5. Battle of Summer and Winter

SOMETIMES in the popular customs of the peasantry the contrast between the dormant powers of vegetation in winter and their awakening vitality in spring takes the form of a dramatic contest between actors who play the parts respectively of Winter and Summer. Thus in the towns of Sweden on May Day two troops of young men on horseback used to meet as if for mortal combat. One of them was led by a representative of Winter clad in furs, who threw snowballs and ice in order to prolong the cold weather. The other troop was commanded by a representative of Summer covered with fresh leaves and flowers.

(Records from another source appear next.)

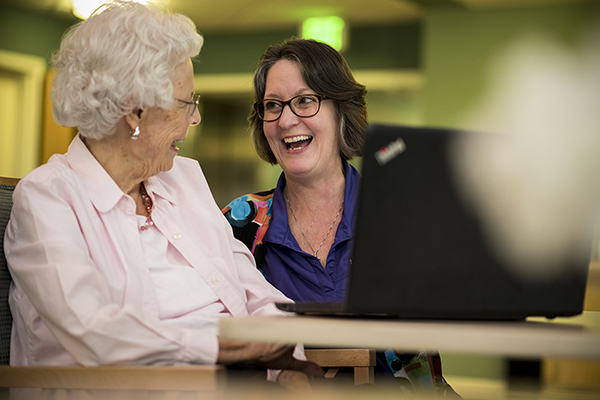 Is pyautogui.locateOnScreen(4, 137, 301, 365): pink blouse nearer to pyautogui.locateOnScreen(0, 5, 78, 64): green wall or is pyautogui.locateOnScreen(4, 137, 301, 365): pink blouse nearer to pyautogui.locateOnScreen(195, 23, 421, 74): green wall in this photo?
pyautogui.locateOnScreen(0, 5, 78, 64): green wall

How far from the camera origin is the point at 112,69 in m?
1.42

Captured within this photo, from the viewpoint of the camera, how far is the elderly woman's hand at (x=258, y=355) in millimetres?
1240

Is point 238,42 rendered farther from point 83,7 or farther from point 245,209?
point 245,209

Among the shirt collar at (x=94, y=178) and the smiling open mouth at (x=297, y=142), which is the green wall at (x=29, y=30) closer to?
the smiling open mouth at (x=297, y=142)

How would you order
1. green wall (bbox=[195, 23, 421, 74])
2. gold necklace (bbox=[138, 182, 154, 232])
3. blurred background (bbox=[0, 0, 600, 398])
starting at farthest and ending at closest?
green wall (bbox=[195, 23, 421, 74])
blurred background (bbox=[0, 0, 600, 398])
gold necklace (bbox=[138, 182, 154, 232])

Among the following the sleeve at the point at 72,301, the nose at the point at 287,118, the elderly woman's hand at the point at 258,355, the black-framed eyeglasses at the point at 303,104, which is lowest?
the elderly woman's hand at the point at 258,355

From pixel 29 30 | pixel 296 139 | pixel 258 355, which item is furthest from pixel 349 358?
pixel 29 30

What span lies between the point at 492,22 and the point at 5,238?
15.2ft

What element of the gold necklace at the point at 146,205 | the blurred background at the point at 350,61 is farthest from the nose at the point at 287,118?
the blurred background at the point at 350,61

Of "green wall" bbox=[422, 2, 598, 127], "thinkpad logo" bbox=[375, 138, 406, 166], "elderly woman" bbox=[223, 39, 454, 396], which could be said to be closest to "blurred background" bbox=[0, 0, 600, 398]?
"green wall" bbox=[422, 2, 598, 127]

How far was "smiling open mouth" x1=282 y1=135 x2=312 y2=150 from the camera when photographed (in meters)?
2.07

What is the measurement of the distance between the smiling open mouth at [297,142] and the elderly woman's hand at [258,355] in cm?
93

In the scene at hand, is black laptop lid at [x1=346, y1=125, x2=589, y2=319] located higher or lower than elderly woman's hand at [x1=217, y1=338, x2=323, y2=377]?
higher

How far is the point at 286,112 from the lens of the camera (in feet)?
6.75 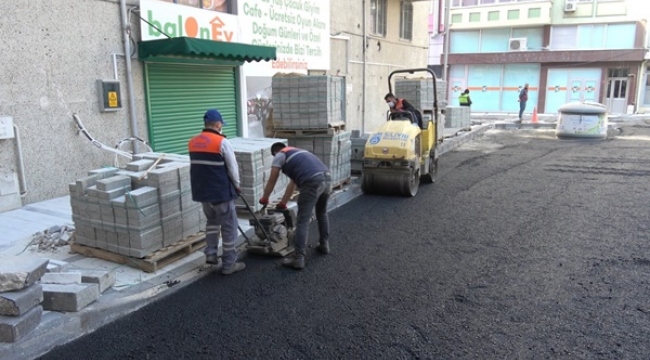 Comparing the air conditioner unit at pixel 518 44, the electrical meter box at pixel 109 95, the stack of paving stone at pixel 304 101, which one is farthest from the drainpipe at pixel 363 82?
the air conditioner unit at pixel 518 44

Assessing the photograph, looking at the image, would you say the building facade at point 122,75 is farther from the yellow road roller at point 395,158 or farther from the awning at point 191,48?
the yellow road roller at point 395,158

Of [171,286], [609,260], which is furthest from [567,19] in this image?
[171,286]

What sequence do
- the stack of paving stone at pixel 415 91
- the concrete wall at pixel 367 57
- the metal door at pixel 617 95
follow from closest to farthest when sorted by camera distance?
1. the stack of paving stone at pixel 415 91
2. the concrete wall at pixel 367 57
3. the metal door at pixel 617 95

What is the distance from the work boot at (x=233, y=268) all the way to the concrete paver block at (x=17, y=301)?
2000mm

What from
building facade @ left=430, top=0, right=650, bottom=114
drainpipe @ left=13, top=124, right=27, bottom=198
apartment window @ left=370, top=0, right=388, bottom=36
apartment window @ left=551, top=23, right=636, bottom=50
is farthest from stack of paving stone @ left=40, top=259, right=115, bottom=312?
apartment window @ left=551, top=23, right=636, bottom=50

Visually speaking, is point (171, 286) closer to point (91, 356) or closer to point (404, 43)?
point (91, 356)

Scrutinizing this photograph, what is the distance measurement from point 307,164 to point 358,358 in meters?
2.53

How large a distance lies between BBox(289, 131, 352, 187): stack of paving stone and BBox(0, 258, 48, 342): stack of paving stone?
18.8 feet

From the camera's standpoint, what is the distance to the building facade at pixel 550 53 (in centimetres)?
3075

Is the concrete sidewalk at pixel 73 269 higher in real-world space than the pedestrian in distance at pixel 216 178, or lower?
lower

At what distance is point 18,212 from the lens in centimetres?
705

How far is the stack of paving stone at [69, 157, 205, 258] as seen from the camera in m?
5.36

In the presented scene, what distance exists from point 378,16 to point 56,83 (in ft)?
43.4

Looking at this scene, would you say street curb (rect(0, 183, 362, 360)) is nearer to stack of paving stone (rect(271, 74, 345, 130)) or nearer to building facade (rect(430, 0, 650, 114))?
stack of paving stone (rect(271, 74, 345, 130)) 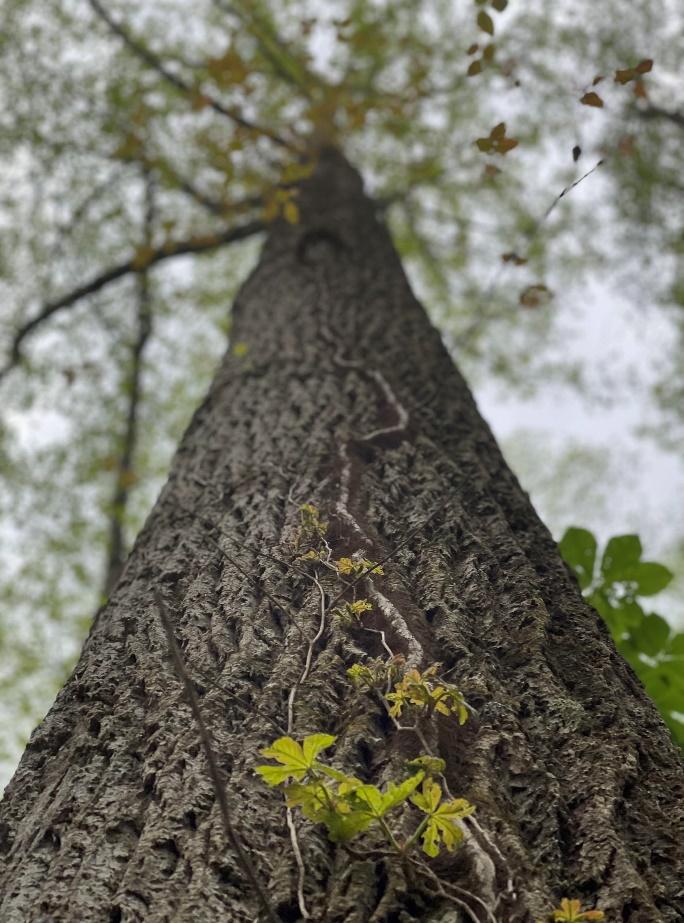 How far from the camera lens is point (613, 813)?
1.33 metres

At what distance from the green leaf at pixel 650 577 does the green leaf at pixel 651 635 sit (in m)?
0.09

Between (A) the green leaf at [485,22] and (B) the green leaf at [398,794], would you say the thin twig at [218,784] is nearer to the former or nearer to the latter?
(B) the green leaf at [398,794]

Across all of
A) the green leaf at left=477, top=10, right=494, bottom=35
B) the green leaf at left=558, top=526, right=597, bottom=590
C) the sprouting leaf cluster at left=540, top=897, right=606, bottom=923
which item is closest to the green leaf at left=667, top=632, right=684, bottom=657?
the green leaf at left=558, top=526, right=597, bottom=590

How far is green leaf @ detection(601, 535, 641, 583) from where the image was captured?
8.29 ft

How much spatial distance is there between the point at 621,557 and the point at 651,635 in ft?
0.83

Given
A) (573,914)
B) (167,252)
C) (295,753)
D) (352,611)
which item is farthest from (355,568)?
(167,252)

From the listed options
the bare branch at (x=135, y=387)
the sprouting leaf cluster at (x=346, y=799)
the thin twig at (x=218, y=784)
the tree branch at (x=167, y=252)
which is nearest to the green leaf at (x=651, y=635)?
the sprouting leaf cluster at (x=346, y=799)

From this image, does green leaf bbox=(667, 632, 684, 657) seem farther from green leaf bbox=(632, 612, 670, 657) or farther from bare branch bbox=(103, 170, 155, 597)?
bare branch bbox=(103, 170, 155, 597)

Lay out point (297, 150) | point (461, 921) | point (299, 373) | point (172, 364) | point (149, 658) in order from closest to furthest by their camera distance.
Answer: point (461, 921), point (149, 658), point (299, 373), point (297, 150), point (172, 364)

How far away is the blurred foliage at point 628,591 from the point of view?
2.45m

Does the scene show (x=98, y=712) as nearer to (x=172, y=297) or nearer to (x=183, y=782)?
(x=183, y=782)

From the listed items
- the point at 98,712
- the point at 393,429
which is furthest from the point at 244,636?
the point at 393,429

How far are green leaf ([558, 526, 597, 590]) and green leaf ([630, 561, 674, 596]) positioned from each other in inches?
5.3

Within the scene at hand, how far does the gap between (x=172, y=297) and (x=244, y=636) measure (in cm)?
788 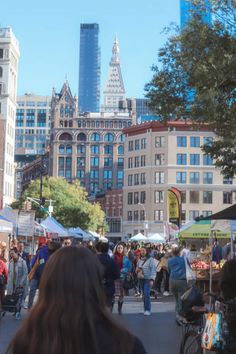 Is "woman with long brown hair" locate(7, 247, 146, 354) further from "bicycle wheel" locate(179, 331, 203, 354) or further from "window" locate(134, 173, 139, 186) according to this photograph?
"window" locate(134, 173, 139, 186)

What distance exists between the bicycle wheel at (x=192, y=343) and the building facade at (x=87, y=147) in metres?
142

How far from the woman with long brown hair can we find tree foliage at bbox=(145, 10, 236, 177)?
12.2 m

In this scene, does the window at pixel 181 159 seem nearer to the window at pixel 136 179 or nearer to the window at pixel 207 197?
the window at pixel 207 197

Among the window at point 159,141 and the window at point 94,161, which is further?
the window at point 94,161

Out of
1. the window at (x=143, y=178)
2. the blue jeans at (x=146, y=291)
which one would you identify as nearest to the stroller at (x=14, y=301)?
the blue jeans at (x=146, y=291)

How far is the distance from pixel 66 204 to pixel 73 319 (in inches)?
3211

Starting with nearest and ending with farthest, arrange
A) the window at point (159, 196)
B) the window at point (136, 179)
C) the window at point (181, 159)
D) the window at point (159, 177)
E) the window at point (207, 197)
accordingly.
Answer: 1. the window at point (181, 159)
2. the window at point (207, 197)
3. the window at point (159, 177)
4. the window at point (159, 196)
5. the window at point (136, 179)

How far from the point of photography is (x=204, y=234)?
26609 millimetres

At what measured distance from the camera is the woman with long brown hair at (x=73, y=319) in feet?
9.10

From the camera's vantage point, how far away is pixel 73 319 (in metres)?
2.78

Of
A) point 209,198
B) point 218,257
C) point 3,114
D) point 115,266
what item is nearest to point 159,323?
point 115,266

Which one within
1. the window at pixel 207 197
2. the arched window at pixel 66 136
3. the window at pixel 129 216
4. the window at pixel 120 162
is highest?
the arched window at pixel 66 136

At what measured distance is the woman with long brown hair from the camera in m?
2.77

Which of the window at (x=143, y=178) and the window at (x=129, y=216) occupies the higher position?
the window at (x=143, y=178) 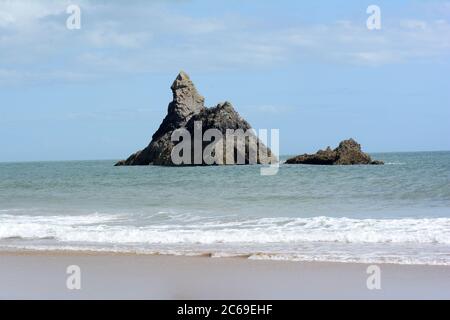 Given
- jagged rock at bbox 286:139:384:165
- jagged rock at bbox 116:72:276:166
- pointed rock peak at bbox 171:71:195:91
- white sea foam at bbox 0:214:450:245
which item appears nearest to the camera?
white sea foam at bbox 0:214:450:245

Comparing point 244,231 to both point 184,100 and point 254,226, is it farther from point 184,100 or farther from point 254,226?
point 184,100

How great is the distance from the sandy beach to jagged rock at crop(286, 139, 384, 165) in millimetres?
63628

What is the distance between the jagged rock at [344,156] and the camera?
72.9 m

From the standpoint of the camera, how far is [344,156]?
73.4m

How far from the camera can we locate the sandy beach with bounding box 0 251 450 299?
807cm

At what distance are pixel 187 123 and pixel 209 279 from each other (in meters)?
89.7

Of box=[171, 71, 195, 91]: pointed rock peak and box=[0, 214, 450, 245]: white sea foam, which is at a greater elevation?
box=[171, 71, 195, 91]: pointed rock peak

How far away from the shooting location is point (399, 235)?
13.1 m

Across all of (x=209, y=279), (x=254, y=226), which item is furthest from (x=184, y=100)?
(x=209, y=279)

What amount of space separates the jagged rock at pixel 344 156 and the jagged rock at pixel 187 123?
10.3 meters

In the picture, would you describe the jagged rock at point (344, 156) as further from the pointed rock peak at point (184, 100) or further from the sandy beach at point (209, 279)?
the sandy beach at point (209, 279)

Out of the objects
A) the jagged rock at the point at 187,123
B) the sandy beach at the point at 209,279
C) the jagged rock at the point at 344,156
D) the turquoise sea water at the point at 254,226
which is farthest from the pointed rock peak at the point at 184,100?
the sandy beach at the point at 209,279

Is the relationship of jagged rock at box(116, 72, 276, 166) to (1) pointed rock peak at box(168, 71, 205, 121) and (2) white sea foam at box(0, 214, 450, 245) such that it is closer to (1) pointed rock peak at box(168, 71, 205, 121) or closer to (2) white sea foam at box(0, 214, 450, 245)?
(1) pointed rock peak at box(168, 71, 205, 121)

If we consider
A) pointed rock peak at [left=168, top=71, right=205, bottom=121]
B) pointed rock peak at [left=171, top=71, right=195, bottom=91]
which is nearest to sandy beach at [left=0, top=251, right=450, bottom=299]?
pointed rock peak at [left=168, top=71, right=205, bottom=121] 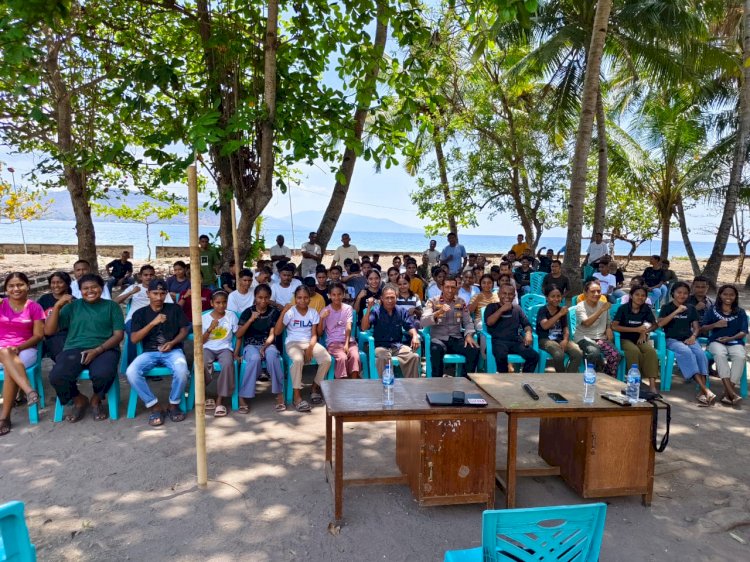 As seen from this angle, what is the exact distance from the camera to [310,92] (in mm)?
7531

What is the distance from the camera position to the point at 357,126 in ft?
30.6

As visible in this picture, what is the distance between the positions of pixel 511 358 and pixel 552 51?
9.01m

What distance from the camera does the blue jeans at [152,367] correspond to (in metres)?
5.20

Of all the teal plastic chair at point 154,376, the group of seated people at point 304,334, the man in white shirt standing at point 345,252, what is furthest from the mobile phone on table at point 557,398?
the man in white shirt standing at point 345,252

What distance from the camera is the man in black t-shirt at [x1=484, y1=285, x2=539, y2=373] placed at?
20.8 feet

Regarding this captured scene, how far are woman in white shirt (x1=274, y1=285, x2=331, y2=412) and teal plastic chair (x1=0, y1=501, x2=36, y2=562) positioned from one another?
12.3 feet

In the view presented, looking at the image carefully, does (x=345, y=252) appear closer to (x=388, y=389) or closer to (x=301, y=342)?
(x=301, y=342)

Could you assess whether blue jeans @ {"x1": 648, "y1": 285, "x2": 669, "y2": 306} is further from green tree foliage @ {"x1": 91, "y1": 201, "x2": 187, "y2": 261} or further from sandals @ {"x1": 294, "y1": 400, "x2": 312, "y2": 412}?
green tree foliage @ {"x1": 91, "y1": 201, "x2": 187, "y2": 261}

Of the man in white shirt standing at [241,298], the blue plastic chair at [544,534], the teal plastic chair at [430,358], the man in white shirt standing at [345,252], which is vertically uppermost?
the man in white shirt standing at [345,252]

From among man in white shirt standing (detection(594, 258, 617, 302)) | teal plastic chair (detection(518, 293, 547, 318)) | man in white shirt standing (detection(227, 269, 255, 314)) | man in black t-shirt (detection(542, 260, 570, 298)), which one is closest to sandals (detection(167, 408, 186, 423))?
man in white shirt standing (detection(227, 269, 255, 314))

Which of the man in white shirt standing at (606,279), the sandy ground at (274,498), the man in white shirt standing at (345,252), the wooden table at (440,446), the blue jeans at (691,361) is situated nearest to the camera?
the sandy ground at (274,498)

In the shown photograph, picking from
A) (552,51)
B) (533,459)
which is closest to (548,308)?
(533,459)

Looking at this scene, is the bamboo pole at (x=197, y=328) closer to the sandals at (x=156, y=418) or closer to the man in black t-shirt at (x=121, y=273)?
the sandals at (x=156, y=418)

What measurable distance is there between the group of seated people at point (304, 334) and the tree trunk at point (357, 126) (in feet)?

In the sham fight which followed the party of Summer came off victorious, and the ceremony ended with a feast. Again, in the region of the middle Rhine, a representative of Summer clad in ivy combats a representative of Winter clad in straw or moss and finally gains a victory over him. The vanquished foe is thrown to the ground and stripped of his casing of straw, which is torn to pieces and scattered about, while the youthful comrades of the two champions sing a song to commemorate the defeat of Winter by Summer. Afterwards they carry about a summer garland or branch and collect gifts of eggs and bacon from house to house. Sometimes the champion who acts the part of Summer is dressed in leaves and flowers and wears a chaplet of flowers on his head. In the Palatinate this mimic conflict takes place on the fourth Sunday in Lent. All over Bavaria the same drama used to be acted on the same day, and it was still kept up in some places down to the middle of the nineteenth century or later. While Summer appeared clad all in green, decked with fluttering ribbons, and carrying a branch in blossom or a little tree hung with apples and pears, Winter was muffled up in cap and mantle of fur and bore in his hand a snow-shovel or a flail. Accompanied by their respective retinues dressed in corresponding attire, they went through all the streets of the village, halting before the houses and singing staves of old songs, for which they received presents of bread, eggs, and fruit. Finally, after a short struggle, Winter was beaten by Summer and ducked in the village well or driven out of the village with shouts and laughter into the forest.